Records for this task.
*** Block opens ***
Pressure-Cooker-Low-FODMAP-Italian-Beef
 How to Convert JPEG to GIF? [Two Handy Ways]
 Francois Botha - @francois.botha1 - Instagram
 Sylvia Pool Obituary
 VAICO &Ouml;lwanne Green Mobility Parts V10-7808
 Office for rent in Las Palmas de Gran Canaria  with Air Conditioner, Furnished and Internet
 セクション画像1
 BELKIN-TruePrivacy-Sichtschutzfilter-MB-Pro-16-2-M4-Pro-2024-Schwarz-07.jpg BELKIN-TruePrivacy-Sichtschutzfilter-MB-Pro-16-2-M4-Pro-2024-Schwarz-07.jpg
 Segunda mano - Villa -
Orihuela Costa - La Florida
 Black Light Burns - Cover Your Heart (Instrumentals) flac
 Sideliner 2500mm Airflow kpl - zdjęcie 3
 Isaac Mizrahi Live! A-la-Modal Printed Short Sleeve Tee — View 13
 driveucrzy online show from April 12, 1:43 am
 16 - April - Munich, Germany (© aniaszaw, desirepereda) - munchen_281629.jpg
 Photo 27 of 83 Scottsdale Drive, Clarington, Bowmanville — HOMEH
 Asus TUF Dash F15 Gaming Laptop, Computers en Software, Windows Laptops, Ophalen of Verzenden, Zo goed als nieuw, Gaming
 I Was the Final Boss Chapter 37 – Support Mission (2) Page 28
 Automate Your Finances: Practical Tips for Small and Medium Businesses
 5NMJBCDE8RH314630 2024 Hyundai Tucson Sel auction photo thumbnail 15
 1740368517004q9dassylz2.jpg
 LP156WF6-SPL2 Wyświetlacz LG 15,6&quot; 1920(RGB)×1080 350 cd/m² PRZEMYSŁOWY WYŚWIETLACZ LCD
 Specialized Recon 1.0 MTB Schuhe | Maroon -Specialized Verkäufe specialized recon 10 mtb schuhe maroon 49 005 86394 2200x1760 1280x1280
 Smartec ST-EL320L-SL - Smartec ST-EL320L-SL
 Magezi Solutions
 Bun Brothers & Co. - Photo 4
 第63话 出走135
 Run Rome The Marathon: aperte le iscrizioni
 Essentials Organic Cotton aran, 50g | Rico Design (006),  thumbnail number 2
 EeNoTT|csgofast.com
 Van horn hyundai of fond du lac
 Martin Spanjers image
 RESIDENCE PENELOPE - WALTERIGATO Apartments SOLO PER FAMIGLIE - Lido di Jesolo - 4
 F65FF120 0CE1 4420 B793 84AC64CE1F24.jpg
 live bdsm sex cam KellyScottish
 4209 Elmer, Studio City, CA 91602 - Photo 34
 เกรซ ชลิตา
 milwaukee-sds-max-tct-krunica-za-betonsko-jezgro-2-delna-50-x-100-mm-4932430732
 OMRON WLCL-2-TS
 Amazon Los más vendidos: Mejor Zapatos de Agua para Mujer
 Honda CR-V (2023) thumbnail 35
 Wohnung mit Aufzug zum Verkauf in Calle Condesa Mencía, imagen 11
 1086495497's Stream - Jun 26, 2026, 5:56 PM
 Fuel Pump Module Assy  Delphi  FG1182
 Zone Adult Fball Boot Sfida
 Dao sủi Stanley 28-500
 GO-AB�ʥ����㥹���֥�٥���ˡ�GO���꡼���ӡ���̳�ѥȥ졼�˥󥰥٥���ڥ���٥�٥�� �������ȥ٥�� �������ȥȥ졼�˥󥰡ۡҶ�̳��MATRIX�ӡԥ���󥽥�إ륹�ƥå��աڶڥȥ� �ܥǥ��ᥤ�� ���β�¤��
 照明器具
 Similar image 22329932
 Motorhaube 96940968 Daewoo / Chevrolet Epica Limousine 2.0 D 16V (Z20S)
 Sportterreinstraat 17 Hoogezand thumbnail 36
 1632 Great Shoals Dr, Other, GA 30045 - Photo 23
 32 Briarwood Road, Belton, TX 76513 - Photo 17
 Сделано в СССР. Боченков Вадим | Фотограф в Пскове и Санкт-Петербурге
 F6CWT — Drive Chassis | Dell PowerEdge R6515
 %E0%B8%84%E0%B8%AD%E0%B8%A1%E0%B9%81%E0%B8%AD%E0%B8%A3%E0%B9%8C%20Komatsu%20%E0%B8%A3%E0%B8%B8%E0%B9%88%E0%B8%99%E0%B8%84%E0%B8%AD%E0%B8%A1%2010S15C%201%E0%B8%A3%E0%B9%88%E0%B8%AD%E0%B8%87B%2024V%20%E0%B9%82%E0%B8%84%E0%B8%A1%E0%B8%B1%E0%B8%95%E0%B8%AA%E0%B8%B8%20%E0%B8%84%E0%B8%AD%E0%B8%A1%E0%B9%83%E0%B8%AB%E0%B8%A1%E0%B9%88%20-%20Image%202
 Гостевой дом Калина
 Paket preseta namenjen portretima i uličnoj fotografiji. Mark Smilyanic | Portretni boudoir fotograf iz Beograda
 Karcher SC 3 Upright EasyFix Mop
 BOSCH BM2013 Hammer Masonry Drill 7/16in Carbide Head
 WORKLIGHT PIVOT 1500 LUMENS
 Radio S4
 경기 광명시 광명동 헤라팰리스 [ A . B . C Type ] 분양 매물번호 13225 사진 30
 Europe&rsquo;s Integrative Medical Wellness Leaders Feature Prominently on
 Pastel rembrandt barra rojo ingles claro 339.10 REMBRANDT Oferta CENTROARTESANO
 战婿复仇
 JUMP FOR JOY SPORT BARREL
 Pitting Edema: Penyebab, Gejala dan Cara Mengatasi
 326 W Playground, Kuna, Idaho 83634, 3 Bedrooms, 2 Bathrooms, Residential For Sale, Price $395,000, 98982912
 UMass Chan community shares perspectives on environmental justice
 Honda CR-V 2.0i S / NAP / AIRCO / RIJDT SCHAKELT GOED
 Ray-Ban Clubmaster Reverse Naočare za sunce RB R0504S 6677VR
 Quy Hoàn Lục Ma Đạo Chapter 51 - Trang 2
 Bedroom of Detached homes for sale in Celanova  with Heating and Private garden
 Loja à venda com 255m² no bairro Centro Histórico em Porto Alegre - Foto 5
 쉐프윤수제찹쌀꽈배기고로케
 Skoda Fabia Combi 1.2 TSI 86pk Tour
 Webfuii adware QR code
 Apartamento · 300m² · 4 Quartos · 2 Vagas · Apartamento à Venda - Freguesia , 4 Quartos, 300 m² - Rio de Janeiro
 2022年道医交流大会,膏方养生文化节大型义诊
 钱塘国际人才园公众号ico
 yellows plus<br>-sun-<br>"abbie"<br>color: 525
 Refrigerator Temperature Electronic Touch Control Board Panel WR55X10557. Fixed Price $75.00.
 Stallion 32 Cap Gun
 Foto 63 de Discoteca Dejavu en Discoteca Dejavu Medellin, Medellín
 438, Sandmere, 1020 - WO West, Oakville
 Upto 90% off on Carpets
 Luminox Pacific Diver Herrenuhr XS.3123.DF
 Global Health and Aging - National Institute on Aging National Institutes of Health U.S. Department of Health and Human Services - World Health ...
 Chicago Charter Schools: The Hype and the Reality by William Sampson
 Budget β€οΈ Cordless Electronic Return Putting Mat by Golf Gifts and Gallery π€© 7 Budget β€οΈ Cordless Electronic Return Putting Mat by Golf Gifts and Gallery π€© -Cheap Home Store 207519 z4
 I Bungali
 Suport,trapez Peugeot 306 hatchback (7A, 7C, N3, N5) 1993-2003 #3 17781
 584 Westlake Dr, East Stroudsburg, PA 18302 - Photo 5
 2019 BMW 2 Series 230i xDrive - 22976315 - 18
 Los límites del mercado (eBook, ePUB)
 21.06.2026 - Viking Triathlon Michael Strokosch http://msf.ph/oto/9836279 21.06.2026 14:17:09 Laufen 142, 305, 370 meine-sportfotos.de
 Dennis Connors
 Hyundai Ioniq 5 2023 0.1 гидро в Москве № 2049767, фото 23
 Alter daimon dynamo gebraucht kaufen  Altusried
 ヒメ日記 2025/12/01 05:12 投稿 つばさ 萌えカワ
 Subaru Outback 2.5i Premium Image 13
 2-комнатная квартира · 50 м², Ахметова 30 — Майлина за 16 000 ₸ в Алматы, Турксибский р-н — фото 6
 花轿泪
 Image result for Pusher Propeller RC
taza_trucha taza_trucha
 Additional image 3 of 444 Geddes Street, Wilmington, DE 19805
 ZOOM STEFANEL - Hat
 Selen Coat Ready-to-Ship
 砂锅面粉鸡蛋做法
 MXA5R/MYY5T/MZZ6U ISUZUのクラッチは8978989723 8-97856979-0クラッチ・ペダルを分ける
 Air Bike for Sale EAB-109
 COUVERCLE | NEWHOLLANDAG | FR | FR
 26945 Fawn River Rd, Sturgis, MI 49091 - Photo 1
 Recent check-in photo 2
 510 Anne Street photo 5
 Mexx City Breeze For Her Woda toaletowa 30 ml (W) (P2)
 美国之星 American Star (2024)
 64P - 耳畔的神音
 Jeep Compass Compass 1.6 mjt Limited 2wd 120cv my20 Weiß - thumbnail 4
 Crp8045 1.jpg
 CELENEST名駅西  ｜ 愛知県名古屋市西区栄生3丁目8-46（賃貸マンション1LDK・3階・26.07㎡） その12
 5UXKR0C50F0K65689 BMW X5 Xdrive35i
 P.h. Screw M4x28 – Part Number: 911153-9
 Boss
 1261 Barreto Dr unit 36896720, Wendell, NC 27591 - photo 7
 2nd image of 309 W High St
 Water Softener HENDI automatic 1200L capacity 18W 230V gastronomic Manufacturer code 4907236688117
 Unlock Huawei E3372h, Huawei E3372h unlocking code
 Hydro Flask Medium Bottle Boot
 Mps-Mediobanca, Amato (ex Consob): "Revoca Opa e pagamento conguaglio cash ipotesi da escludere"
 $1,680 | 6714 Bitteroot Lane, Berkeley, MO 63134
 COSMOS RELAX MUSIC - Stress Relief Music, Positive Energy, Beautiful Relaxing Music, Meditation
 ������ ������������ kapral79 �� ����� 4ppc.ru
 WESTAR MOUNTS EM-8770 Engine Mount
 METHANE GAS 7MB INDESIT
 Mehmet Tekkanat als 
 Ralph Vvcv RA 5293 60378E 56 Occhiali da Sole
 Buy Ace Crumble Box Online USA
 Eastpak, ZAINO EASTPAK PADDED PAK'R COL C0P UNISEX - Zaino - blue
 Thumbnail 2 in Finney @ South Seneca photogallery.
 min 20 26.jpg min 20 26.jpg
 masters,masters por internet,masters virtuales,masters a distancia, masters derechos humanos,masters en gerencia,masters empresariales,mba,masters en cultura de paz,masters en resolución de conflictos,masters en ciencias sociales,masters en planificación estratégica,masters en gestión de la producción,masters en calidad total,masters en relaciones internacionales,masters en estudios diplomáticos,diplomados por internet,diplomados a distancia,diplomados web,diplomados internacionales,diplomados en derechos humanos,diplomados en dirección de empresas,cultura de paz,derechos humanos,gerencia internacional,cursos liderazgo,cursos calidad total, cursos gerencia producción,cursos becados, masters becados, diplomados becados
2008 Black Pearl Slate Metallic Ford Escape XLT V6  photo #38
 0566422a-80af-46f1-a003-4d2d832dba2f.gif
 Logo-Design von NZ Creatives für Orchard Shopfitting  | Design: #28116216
*** Block closes ***
Activity. Looking at the records above, return exactly the lines from the line with "Skoda Fabia Combi 1.2 TSI 86pk Tour" to the line with "Foto 63 de Discoteca", both ends included.

Output.
 Skoda Fabia Combi 1.2 TSI 86pk Tour
 Webfuii adware QR code
 Apartamento · 300m² · 4 Quartos · 2 Vagas · Apartamento à Venda - Freguesia , 4 Quartos, 300 m² - Rio de Janeiro
 2022年道医交流大会,膏方养生文化节大型义诊
 钱塘国际人才园公众号ico
 yellows plus<br>-sun-<br>"abbie"<br>color: 525
 Refrigerator Temperature Electronic Touch Control Board Panel WR55X10557. Fixed Price $75.00.
 Stallion 32 Cap Gun
 Foto 63 de Discoteca Dejavu en Discoteca Dejavu Medellin, Medellín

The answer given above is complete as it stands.